I always had the real time craving to know the basics of all sects of law. Be it Contracts, Constitution, Jurisprudence, Legislative Drafting, Criminal law, Procedural law, etc. The constitution is the mother of all laws. It is the founding spirit for any legislation. All enactments flow out of it and merge in it. During my internship days and practice days I saw the sense of humanity in resolving criminal cases, making an innocent person get his rights in a court of law, a stimulating subject which is par excellence when it comes to human conscience, irrespective of money you make. This is a true humanitarian service, I believe. The good reading of Constitution of India made me realize how intricate criminal law is and it enchanted me more and more. Once I joined Mr. Karanjawala’s office, fate gave me a pillar to handle criminal law as he allocated the criminal department to me with a few senior lawyers in the firm. I appeared in all criminal law forums located across India and the turn-around was that in three nights, I appeared from Trial Court, to High Court and then to Supreme Court. I also learnt that IPR rights can be protected under the realm of law of crimes. In my in-house advisory I still lead when it comes to cracking my numbers in litigation and resolving intricate litigations under me.
Please give our readers some insights on the leading Indian firms dealing in Criminal Law, IPR Law, and your recommendations for where and how to secure internships.
There are quite a number of top quality criminal law firms dealing in corporate liabilities like Amarchand, AZB, Karanjawala and Co.
Tell us about your work experience at Hindustan Unilever Limited as Regional Legal Manager and at Lakme Lever Private Limited.
At the starting of 2011 I joined HUL as Assistant Manager-Legal, assisting the Supply Chain, Real Estate. It was a great learning curve for me. Here I learnt what leadership is and how important is governance. I got to work on some mega realty projects for the company and prepare legal documentation for the same in advisory with law firm. It’s here that my talent to align with lawyers played a great success and yielded dividends to the company.
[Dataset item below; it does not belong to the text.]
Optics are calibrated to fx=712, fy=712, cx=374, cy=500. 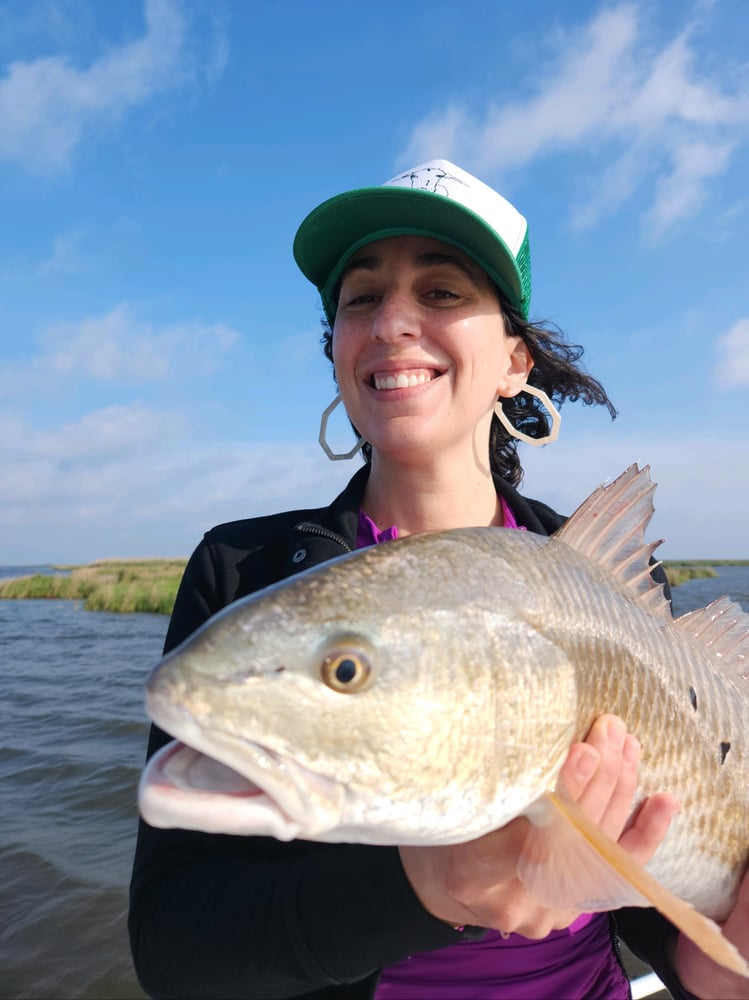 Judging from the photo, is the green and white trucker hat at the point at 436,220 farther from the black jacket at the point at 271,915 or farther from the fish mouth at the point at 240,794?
the fish mouth at the point at 240,794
I got to work on heavy stake matters and stood victorious in them. After a brief stint, I worked with Lakme Lever Private Limited as legal Head. From deputing a young dynamic team, advising the business from part A to Z on nuances of law, and setting up the legal process, it was an amazing journey for me. I got to work with a real talented team there. I was thereafter given the eastern region of the company and it is here that I got to work on mega projects, deliver advisory to business and governance. It is one of the most rewarding experiences I have had so far intellectually as in house counsel. Seven years of legal practice and close to seven years of in house practice has made me a full-fledged legal personality now with fair knowledge to address any kind of legal issue/ advisory. Needless to state, you will still remain a student of law till the end.
What general advice would you give our readers who aspire to stay at the top of their legal game?
My view is very simple. Read more, research more, read the complete case laws and relevant enactments, work hard and be meticulous to facts of the case. Don’t draw inferences to attract immediate audiences to market yourselves by just reading some tit bits of legal provisions and gain part time popularity which may stand to your victory for few years but you will miserably fail to mentor young people, and not grow. Read the essence, pith and substance of law. This will make you a true lawyer and legal expert and a true mentor for people seeing you. The profession of law requires real time hard work and patience. Until the person does not do above aspects, he rusts gradually and fades away. Money will come as it’s a byproduct of excellence but for a lawyer the most essential building block is to mentor his immediate juniors too.